→ What you have to do:
Repeat exactly, and only, the lines below starting at the line that contains "White Rabbit Museum: The" and ending at the line that contains "420 Woodlands Street 41, 420", inclusive of both.

Short descriptive text snippets
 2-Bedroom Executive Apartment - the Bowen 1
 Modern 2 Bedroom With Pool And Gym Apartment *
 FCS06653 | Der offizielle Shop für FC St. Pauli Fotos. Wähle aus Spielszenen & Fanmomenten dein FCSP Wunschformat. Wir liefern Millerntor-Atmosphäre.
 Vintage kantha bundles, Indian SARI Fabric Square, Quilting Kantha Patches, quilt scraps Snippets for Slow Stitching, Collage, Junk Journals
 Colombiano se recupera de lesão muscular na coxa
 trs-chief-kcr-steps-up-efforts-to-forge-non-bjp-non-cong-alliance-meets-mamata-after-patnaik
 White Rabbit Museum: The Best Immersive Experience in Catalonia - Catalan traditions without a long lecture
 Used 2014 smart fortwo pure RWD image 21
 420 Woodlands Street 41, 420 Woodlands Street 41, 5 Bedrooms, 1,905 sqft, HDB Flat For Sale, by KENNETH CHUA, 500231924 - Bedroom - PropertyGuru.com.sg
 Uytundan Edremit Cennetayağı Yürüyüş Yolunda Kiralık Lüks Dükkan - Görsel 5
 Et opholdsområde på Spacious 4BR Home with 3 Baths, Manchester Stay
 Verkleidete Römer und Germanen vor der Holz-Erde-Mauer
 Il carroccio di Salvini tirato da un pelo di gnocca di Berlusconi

→ Response to the task:
 White Rabbit Museum: The Best Immersive Experience in Catalonia - Catalan traditions without a long lecture
 Used 2014 smart fortwo pure RWD image 21
 420 Woodlands Street 41, 420 Woodlands Street 41, 5 Bedrooms, 1,905 sqft, HDB Flat For Sale, by KENNETH CHUA, 500231924 - Bedroom - PropertyGuru.com.sg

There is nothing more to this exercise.